Only belatedly, did I realize this dreaded hat and apron served some larger purpose, as the senior citizens we were serving got the hugest kick out of seeing us dressed this way. I’d come marching up to their side, lean down and, as we were carefully coached to do, I’d sing out, “Ma Shih Ke Du Say Yo!” to each seated guest as I placed their tray of food, which is the Korean way of saying “Bon Appetit!” They’d look up at me, then begin laughing and laughing until tears sprang from their eyes. It was painful, truly, to be in this costume, but when I saw how happy it made the halmune, it was (almost) worth it.
While Thursday’s arrangement was a “pop up” picnic, with a clientele of mostly old women, on Friday, Busan Baffer served lunch inside a low canvas tent erected alongside a now-
abandoned train station in a neighborhood called Busanjin. Situated at the base of the Sujeong mountains, Busanjin is one of the poorest areas in Busan, and today’s guests are primarily homeless men. This crowd is much rougher than yesterday; these guys are dirty and disheveled.
Because Koreans don’t like to be alone, the profound isolation from other people is the hardest thing about being homeless.
“Hello, U.S.A.!” one man calls out to me. When I return his greeting, he stops to talk. Smoking is forbidden inside the tent, he explains, so he’ll have a quick cigarette outside while visiting with me.

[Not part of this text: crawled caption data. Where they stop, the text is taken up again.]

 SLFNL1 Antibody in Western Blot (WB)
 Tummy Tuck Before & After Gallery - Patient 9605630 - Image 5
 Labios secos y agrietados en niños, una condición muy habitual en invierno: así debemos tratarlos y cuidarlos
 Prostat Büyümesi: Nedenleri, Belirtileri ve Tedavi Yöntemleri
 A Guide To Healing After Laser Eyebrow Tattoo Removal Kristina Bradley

“That’s really all I do all day. Smoke and drink. Drink and smoke!” The man laughs, with his mirth quickly devolving into a rumbling, phlegmy cough. His teeth are brown around their edges, stained by nicotine. This is Tae Ha, who is 54, but looks nearly a decade older, as living on the streets has aged him. To my surprise, he speaks perfect English.
Part of the national psychology of Koreans is they tend to cluster in groups, and to socialize in packs, Tae Ha tells me. Because Koreans don’t like to be alone, the profound isolation from other people is the hardest thing about being homeless. It’s also hard for men living on the street to make friends with each other; ultimately, they are competing for the same hand-outs, or space over a subway grating.

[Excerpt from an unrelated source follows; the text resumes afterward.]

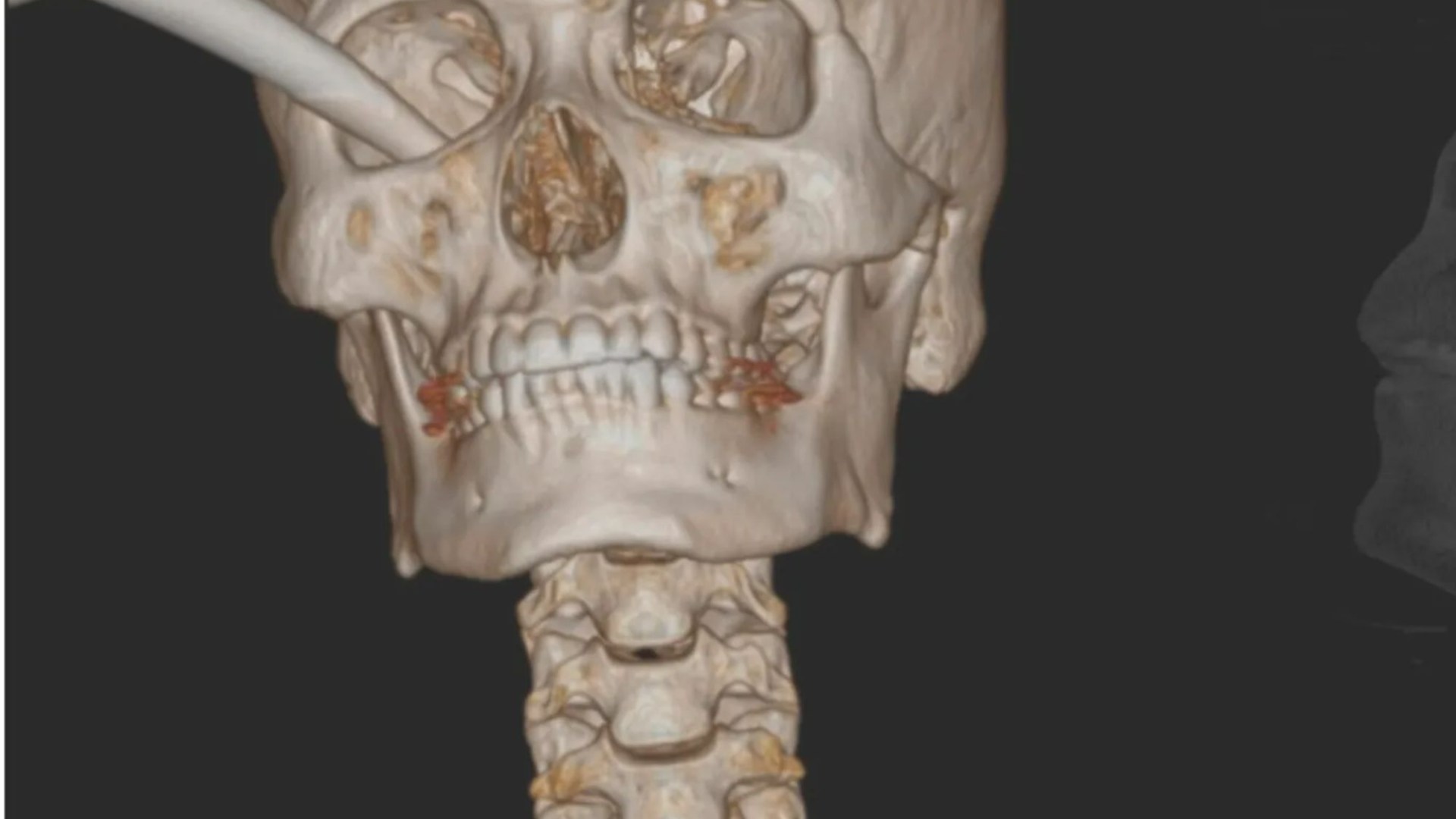 Escaneos impactantes muestran una palanca de freno alojada en la cuenca del ojo de un adolescente después de un awful accidente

Tae Ha points to other men, milling about as they wait for lunch to be served. Becauses he comes to this tent to eat lunch nearly every day, he recognizes most of the other regular guests, and knows many facts about their lives. I begin to understand there is a pecking order of whose story is the saddest, or most pathetic. “See that guy? He’s an ex-Marine. Him? One of his legs is shorter than the other, and he can’t get around without those crutches. Oh, and that guy. He’s a bully. He tries to control everyone, and make them do what he wants.”

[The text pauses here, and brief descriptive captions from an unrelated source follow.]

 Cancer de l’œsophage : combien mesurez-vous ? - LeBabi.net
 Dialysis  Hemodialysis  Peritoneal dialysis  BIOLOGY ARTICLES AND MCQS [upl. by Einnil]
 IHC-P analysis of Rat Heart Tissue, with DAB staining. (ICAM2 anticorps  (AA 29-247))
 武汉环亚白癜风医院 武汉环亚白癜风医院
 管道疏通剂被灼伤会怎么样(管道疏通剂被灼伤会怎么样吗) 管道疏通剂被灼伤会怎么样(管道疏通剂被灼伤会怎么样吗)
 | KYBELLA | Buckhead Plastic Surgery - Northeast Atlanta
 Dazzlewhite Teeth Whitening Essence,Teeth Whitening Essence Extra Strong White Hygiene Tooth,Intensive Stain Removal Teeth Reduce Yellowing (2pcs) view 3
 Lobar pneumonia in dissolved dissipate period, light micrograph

“Me?” he concludes. “I could care less about any of them.”
It’s hard to tell how much of this hard-boiled bravado is genuine.
Tae Ha says all he’s had to eat since lunch yesterday is half a chocolate bar, and a bottle of shoju. This last is a drink distilled from rice. It has a high alcohol content, which can range from 16-percent to a whopping 45-percent.
How can Tae Ha afford to buy shoju?
He appears insulted by my question. “I have a bank account!” he declares. “When I need money, I call someone in my family, and they put something into it. But I don’t spend much, as the only things I ever have to buy are shoju and cigarettes. So, fuck money!”
There’s a local saying that work in Busan is
characterized by one or more of the 3 “D’s”:
Dirty, Dangerous, and Difficult.
His father was a foreign diplomat, or so he claims. He grew up in Iran, came back to South Korea when he was in his twenties, and went to college for a couple years in Seoul, but never managed to finish his degree. Instead, Tae Ha got a job working as a silkscreen artist at a plastics manufacturer. Then, in the financial crisis of 1997, he was laid off, and couldn’t find another job. His lack of a bachelor’s degree is the single biggest problem he faces, as most employers will not even consider hiring someone unless they are a college graduate.
Another problem, though, is South Korea’s economy is overwhelmingly centered in Seoul, and most of the good jobs are only found there. There’s a local saying that work in Busan is characterized by one or more of the 3 “D’s”: Dirty, Dangerous, and Difficult.
“Unlike most of the guys you see here today, I can read and write in both Korean and English,” he said. “But I don’t tell any of them this. They’d think I was nuts.”
Again, it’s a little hard to believe everything Tae Ha says. Is it really possible that an educated, well-traveled son of a diplomat could have fallen so low? Tae Ha may be under-qualified for work, but he’s certainly overqualified to be homeless.
Inside the tent, stereo speakers have sprung to life, and the loud sounds of K-Pop begins to blast out. The aggressive cheer of this music is at marked contrast to the shadowy chill inside the tent, where long rows of tables are set up, and several hundred men are waiting to be served lunch. I now notice Busan Baffer not only provides free lunches in this tent, but also the screening of the occasional movie. When I ask Tae Ha if he’s heard of the film that will be shown tonight, he tells me the title, translated from Korean, is “I Am King,” and it stars a handsome young actor named Joo Ji Hoon, who is a matinee idol in Korea. The movie tells the story of a prince during the Joseon dynasty who does not want to become king, so he hires a beggar to take his place.
Hearing this, I am dismayed. It seems a nearly perverse act of programming to subject a crowd of homeless men, today’s beggars, to such a plot.
I don’t have long to brood on this, though. Lunch is about to be served. Lining up are teams of volunteers from some of South Korea’s largest corporations. The majority of these volunteers are men, and they wear nylon vests over their business suits, that are emblazoned with the names of their companies: Hyundai, Daewoo, and Han Jeon, which is a major provider of electricity in South Korea. It seems odd, this “branding” of social service.
I am about to get in line to start bringing trays of food inside, but Mr. Shon grabs my elbow, so I stand beside him for a while as he serves soup.
In what seems an uncharacteristic moment of pessimism, Mr. Shon complains about the difficulty he’s had in finding a permanent home for these lunches in the Busanjin neighborhood, other than this dark and drafty tent. His repeated requests to refurbish an abandoned building or unused floor of office space have been ignored. He notes that Busan is able to organize a massive fireworks display each year that is shot off from the city’s main bridge. This money could be better used, he feels, to benefit the truly needy in Busan.
Most of South Korea’s elected officials are not really interested in social welfare, Mr. Shon believes. Politicians are much more keen to serve the rich — since it is the wealthy who donate to their electoral campaigns — than in helping the poor. Such corruption is indicative of what he says is the growth of class consciousness, and the very deliberate creation of an elite, or “upper crust” segment of society.
“The economic crisis in South Korea is growing. The rich are richer; the poor are poorer. The Korean government recognizes this, but does not have any policies in place to counteract it.”
With a pang of shame, I realize that all these charges leveled against South Korea, could be said about the United States of America, too.
I want to tell Mr. Shon this, though I’m not sure it will make him feel too much better. Before I have a chance to reply, however, he waves me back into the serving line. There’ll always be time to argue about politics. As for right now, men are hungry, and waiting to be fed.